Questo tentativo di ricondurre ad unità di intenti e di metodi le masse organizzate, finora preda di politicanti e di ambiziosi, è opera cristianamente nobile ed elevata. Io m'immagino appunto che tale debba essere sempre, nel campo sociale, l'opera del modernismo. Anzi per questo, se io dovessi esprimere il più recondito mio pensiero, direi che il modernismo sul terreno politico deve essere non solo a fianco, ma nel seno del socialismo. Esso deve essere il lievito che fa fermentare la massa: deve cioè infondere in queste folle che finora una demagogia scapigliata ha stimolato con la predicazione dell'odio, il senso religioso dell'altruismo e dell'amore. Il progresso sociale è senza dubbio il risultato di interessi antagonistici, il cui conflitto è nella natura stessa delle cose. Ma l'uomo si distingue dalle forze irragionevoli e brute che sono nella natura appunto per la capacità di sovrapporsi con le sue volontà riflesse, con la sua profonda attitudine alla solidarietà, al giuoco delle forze cieche fisiche ed economiche. In nome appunto di questo postulato io penso che i modernisti dovrebbero cominciare ad operare fra i partiti attualmente lottanti, per spingere tutti coloro che aspirano a più ampia diffusione di benessere sulla terra verso una concezione più spirituale delle possibilità del progresso. Forse un'analisi oggettiva dei caratteri salienti del momento storico che attraversiamo, conduce alla conclusione che altri partiti, oltre quelli esistenti, non sono possibili. Per questo io credo che la democrazia religiosa non può costituire un nuovo partito. Il suo compito è più tosto quello di allearsi al socialismo, di cui condivide le finalità, ma cercando di innestare alla sua propaganda, che è stata finora materialistica, i principii spirituali che noi abbiamo ereditato da Colui, il cui sacrificio ha gettato sul mondo l'esempio di quel che valga nella vita l'amore dell'ideale.

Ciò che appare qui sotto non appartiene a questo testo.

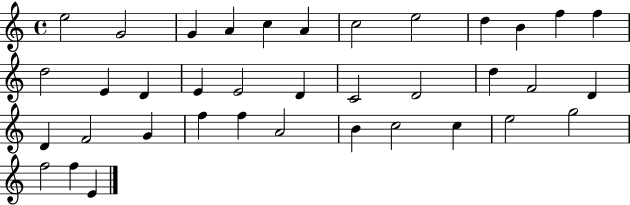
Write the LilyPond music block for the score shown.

{
  \clef treble
  \time 4/4
  \defaultTimeSignature
  \key c \major
  e''2 g'2 | g'4 a'4 c''4 a'4 | c''2 e''2 | d''4 b'4 f''4 f''4 | \break d''2 e'4 d'4 | e'4 e'2 d'4 | c'2 d'2 | d''4 f'2 d'4 | \break d'4 f'2 g'4 | f''4 f''4 a'2 | b'4 c''2 c''4 | e''2 g''2 | \break f''2 f''4 e'4 | \bar "|."
} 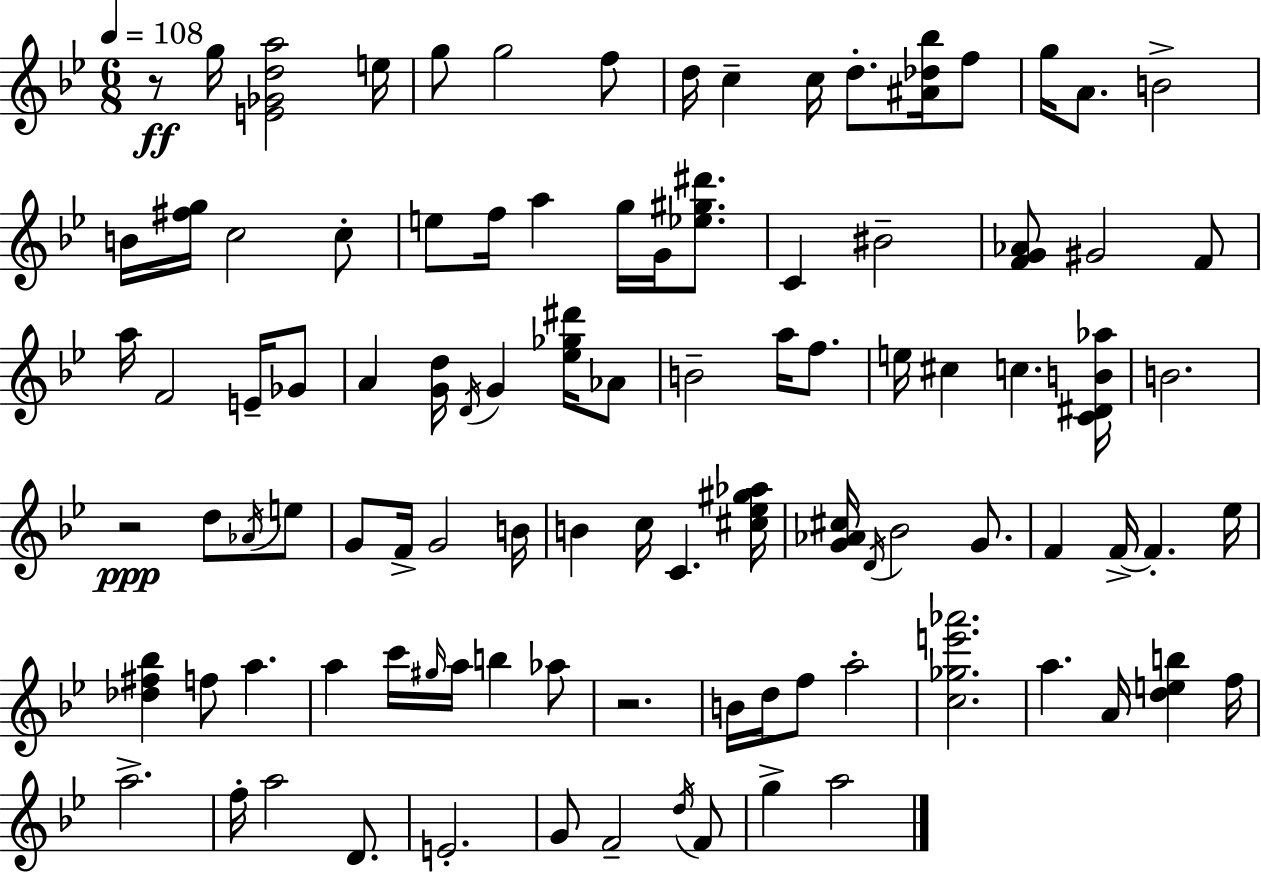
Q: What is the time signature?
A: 6/8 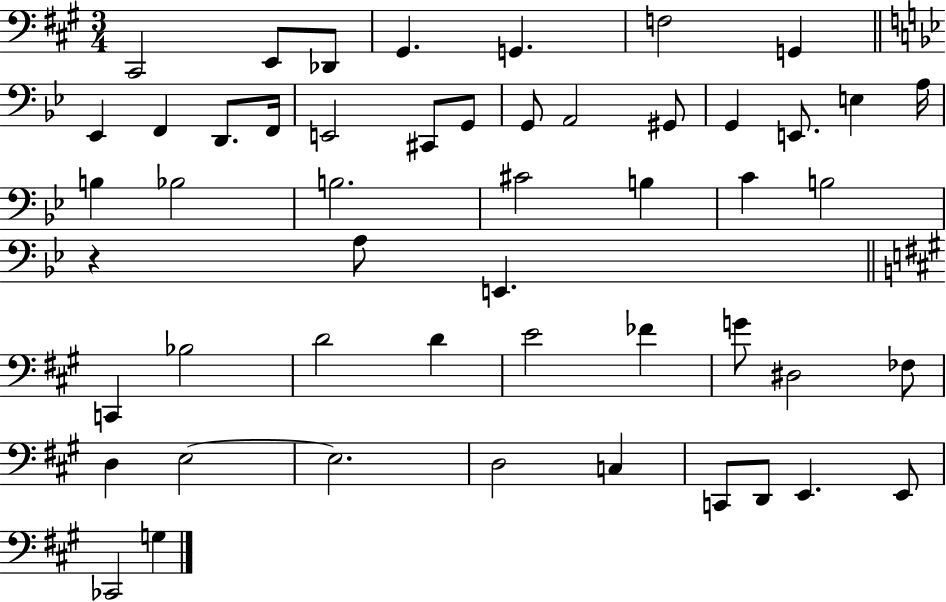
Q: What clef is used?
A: bass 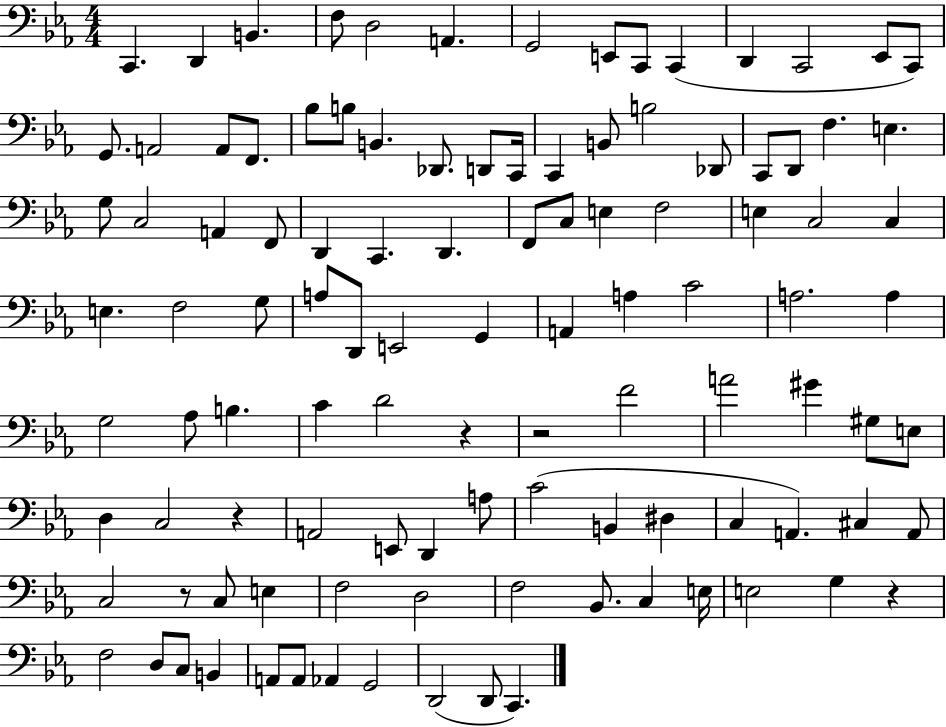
X:1
T:Untitled
M:4/4
L:1/4
K:Eb
C,, D,, B,, F,/2 D,2 A,, G,,2 E,,/2 C,,/2 C,, D,, C,,2 _E,,/2 C,,/2 G,,/2 A,,2 A,,/2 F,,/2 _B,/2 B,/2 B,, _D,,/2 D,,/2 C,,/4 C,, B,,/2 B,2 _D,,/2 C,,/2 D,,/2 F, E, G,/2 C,2 A,, F,,/2 D,, C,, D,, F,,/2 C,/2 E, F,2 E, C,2 C, E, F,2 G,/2 A,/2 D,,/2 E,,2 G,, A,, A, C2 A,2 A, G,2 _A,/2 B, C D2 z z2 F2 A2 ^G ^G,/2 E,/2 D, C,2 z A,,2 E,,/2 D,, A,/2 C2 B,, ^D, C, A,, ^C, A,,/2 C,2 z/2 C,/2 E, F,2 D,2 F,2 _B,,/2 C, E,/4 E,2 G, z F,2 D,/2 C,/2 B,, A,,/2 A,,/2 _A,, G,,2 D,,2 D,,/2 C,, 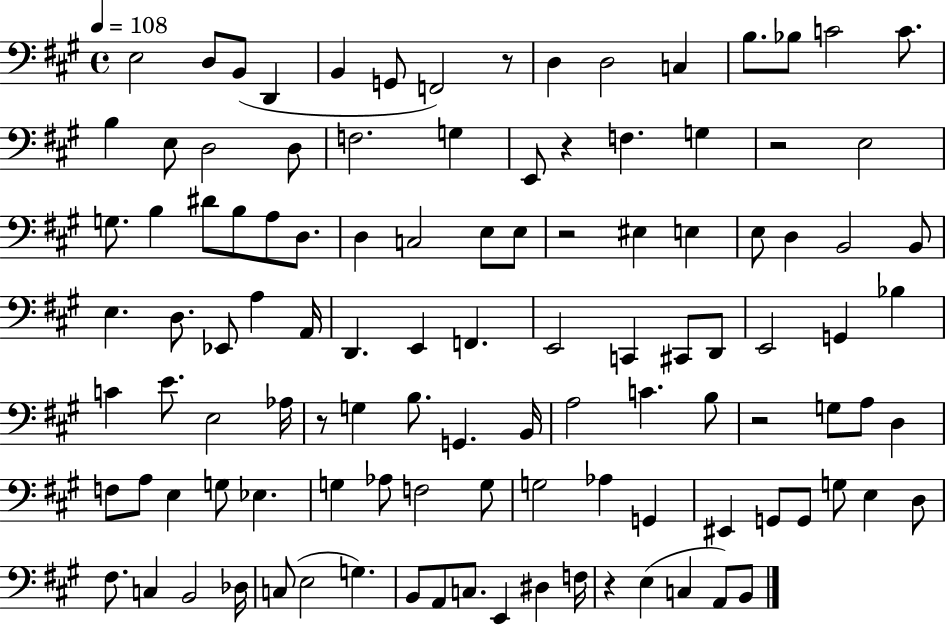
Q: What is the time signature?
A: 4/4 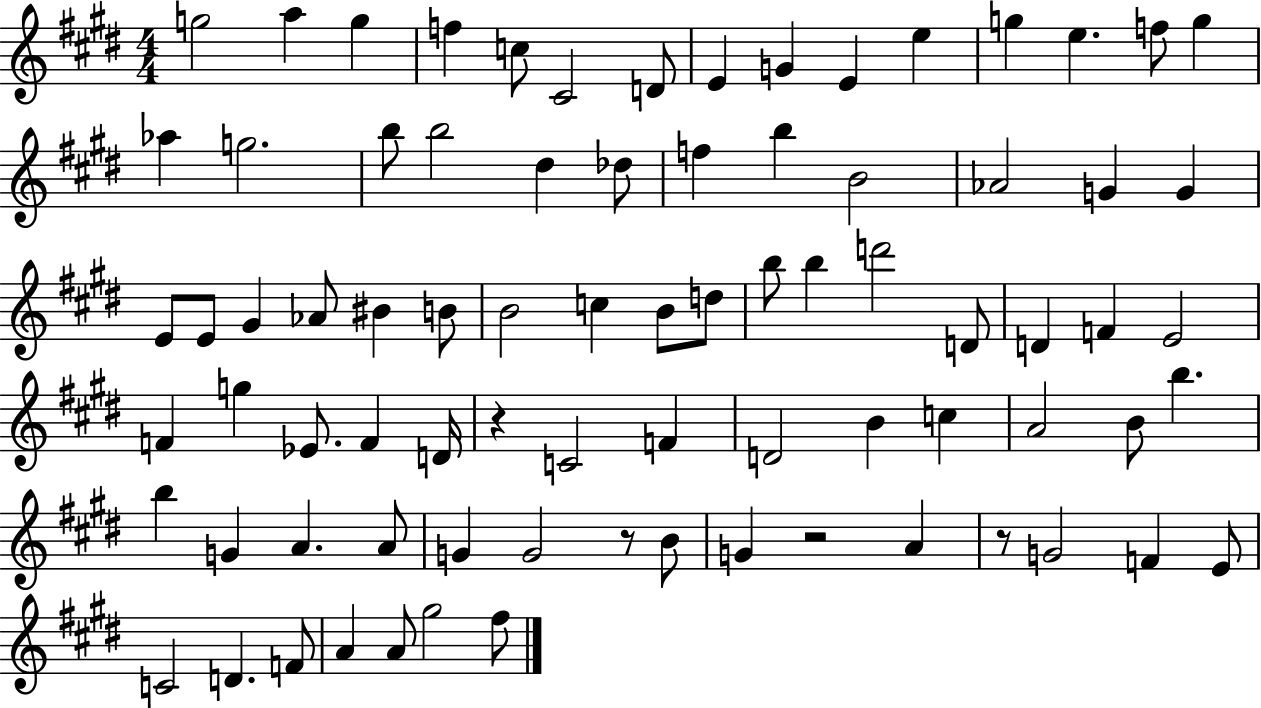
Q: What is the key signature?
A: E major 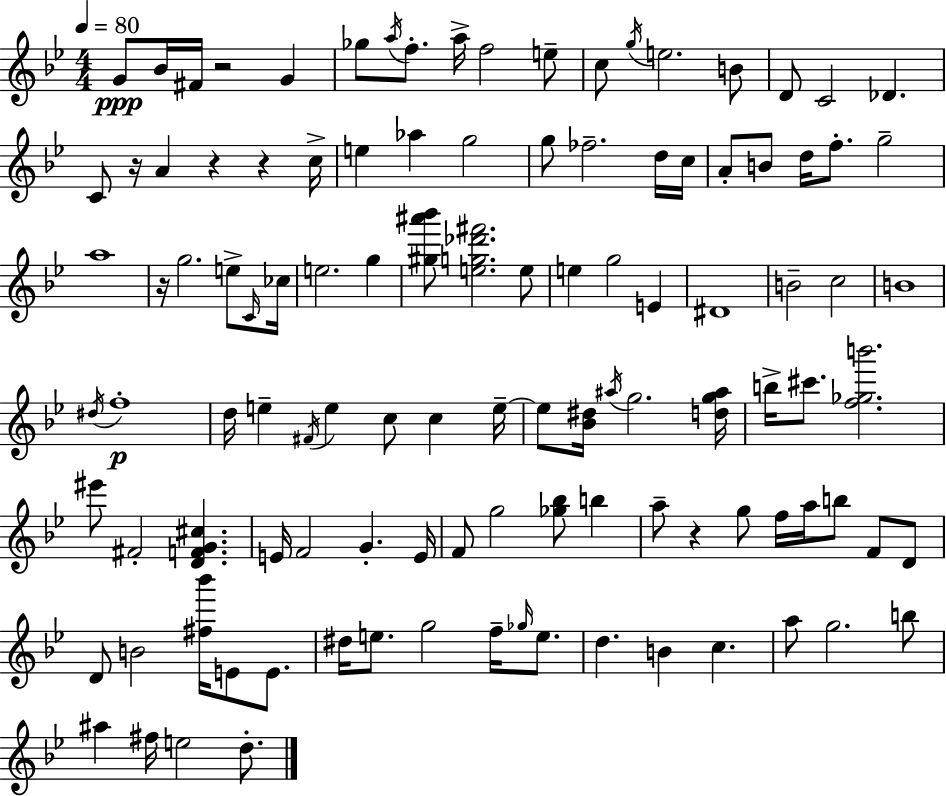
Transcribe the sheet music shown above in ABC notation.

X:1
T:Untitled
M:4/4
L:1/4
K:Bb
G/2 _B/4 ^F/4 z2 G _g/2 a/4 f/2 a/4 f2 e/2 c/2 g/4 e2 B/2 D/2 C2 _D C/2 z/4 A z z c/4 e _a g2 g/2 _f2 d/4 c/4 A/2 B/2 d/4 f/2 g2 a4 z/4 g2 e/2 C/4 _c/4 e2 g [^g^a'_b']/2 [eg_d'^f']2 e/2 e g2 E ^D4 B2 c2 B4 ^d/4 f4 d/4 e ^F/4 e c/2 c e/4 e/2 [_B^d]/4 ^a/4 g2 [dg^a]/4 b/4 ^c'/2 [f_gb']2 ^e'/2 ^F2 [DFG^c] E/4 F2 G E/4 F/2 g2 [_g_b]/2 b a/2 z g/2 f/4 a/4 b/2 F/2 D/2 D/2 B2 [^f_b']/4 E/2 E/2 ^d/4 e/2 g2 f/4 _g/4 e/2 d B c a/2 g2 b/2 ^a ^f/4 e2 d/2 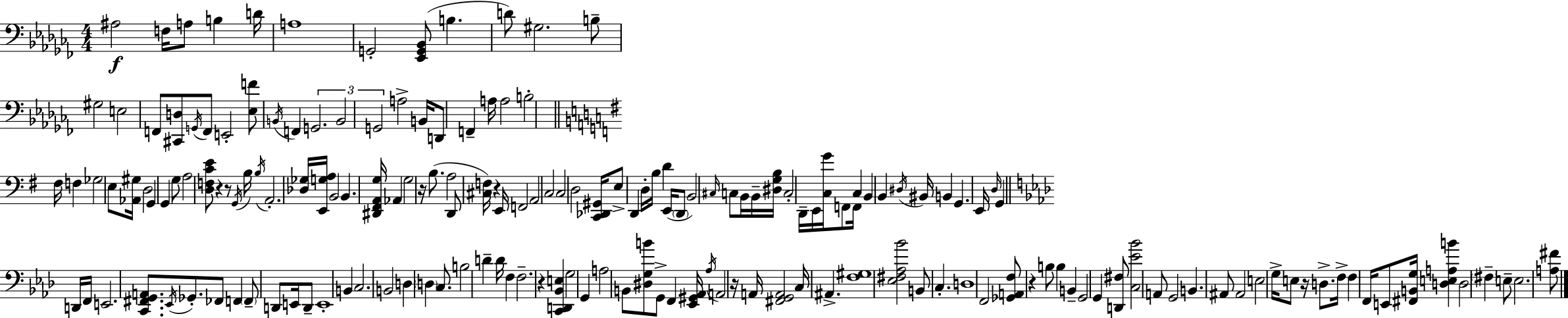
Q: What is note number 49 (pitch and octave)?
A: D2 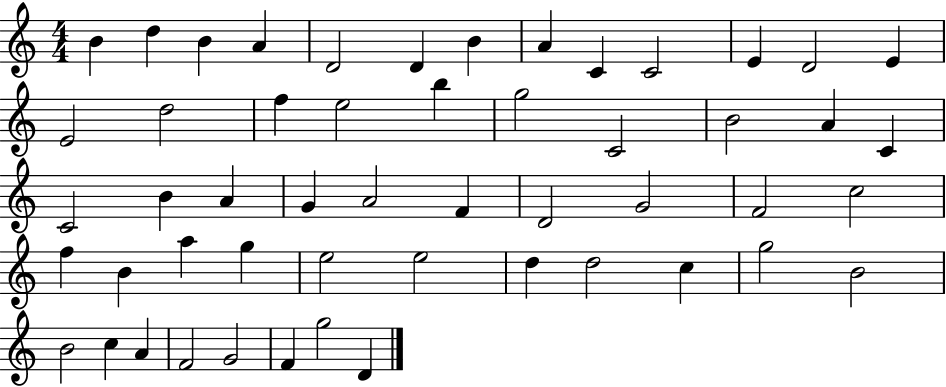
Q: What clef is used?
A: treble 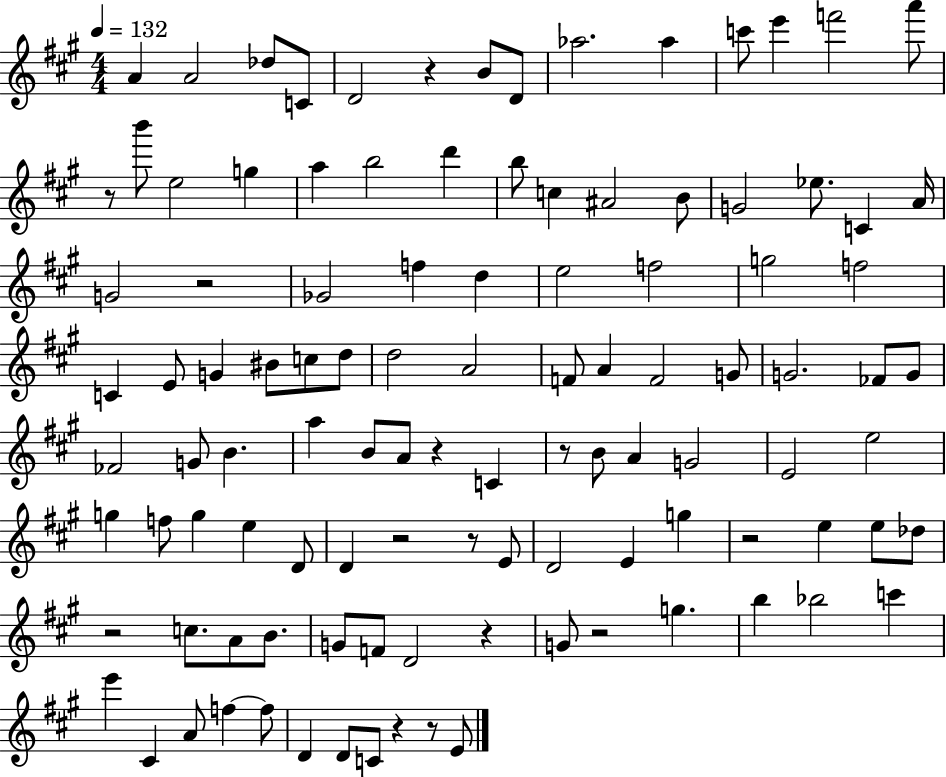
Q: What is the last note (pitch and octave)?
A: E4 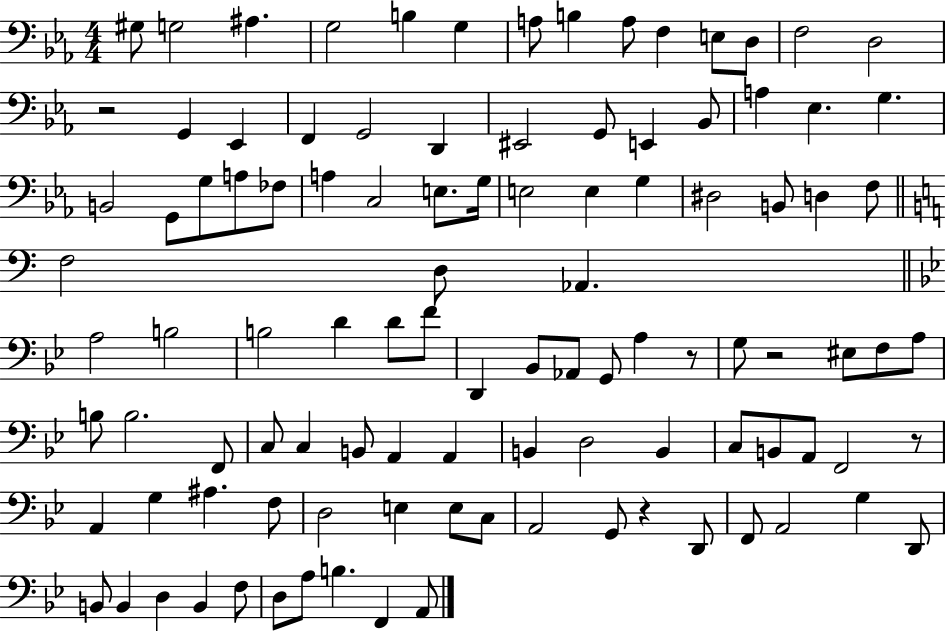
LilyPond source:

{
  \clef bass
  \numericTimeSignature
  \time 4/4
  \key ees \major
  gis8 g2 ais4. | g2 b4 g4 | a8 b4 a8 f4 e8 d8 | f2 d2 | \break r2 g,4 ees,4 | f,4 g,2 d,4 | eis,2 g,8 e,4 bes,8 | a4 ees4. g4. | \break b,2 g,8 g8 a8 fes8 | a4 c2 e8. g16 | e2 e4 g4 | dis2 b,8 d4 f8 | \break \bar "||" \break \key c \major f2 d8 aes,4. | \bar "||" \break \key bes \major a2 b2 | b2 d'4 d'8 f'8 | d,4 bes,8 aes,8 g,8 a4 r8 | g8 r2 eis8 f8 a8 | \break b8 b2. f,8 | c8 c4 b,8 a,4 a,4 | b,4 d2 b,4 | c8 b,8 a,8 f,2 r8 | \break a,4 g4 ais4. f8 | d2 e4 e8 c8 | a,2 g,8 r4 d,8 | f,8 a,2 g4 d,8 | \break b,8 b,4 d4 b,4 f8 | d8 a8 b4. f,4 a,8 | \bar "|."
}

O forse c'è un'altra via aperta dinanzi al modernismo, perchè esso possa esercitare la sua efficacia benefica sulla società che si evolve verso forme superiori di convivenza collettiva. Non è infatti necessario per avere un'azione sociale, esser costituiti in partito, avere rappresentanti in Parlamento o nei municipi. Le primitive comunità cristiane non ebbero rappresentanti nei corpi organizzati ed ufficiali dello Stato. E ciò nonostante con la loro profonda religiosità, col loro grande sogno di bene, che infondeva nelle loro anime una lieta estimazione dei valori della vita e una radicata attitudine all'altruismo e al sacrificio personale, favorirono senza dubbio meglio di altro aggruppamento sociale il passaggio dal vecchio mondo dell'ineguaglianza classica all'uguaglianza cristiana. Io penso che una missione simile sia destinata al modernismo. Esso forse non deve per ora occuparsi direttamente di problemi politici e di questioni economiche. Esso deve più tosto con la cultura dell'amore, con la diffusione contagiosa del suo entusiasmo religioso, aiutare e facilitare il passaggio dal vecchio mondo del privilegio alle forme nuove in cui sta adagiandosi la distribuzione della ricchezza fra gli uomini. Il quale passaggio non sarà il risultato della lotta, perchè allora rappresenterebbe un tuffo nella barbarie: sarà bensì il risultato di un grande sforzo di solidarietà, di un grande sogno messianico, che, illuminando la nostra vita, ce ne farà sentire la bellezza e insieme ci darà il coraggio di sacrificarla volenterosamente per il bene dei nostri fratelli e dei nostri figli.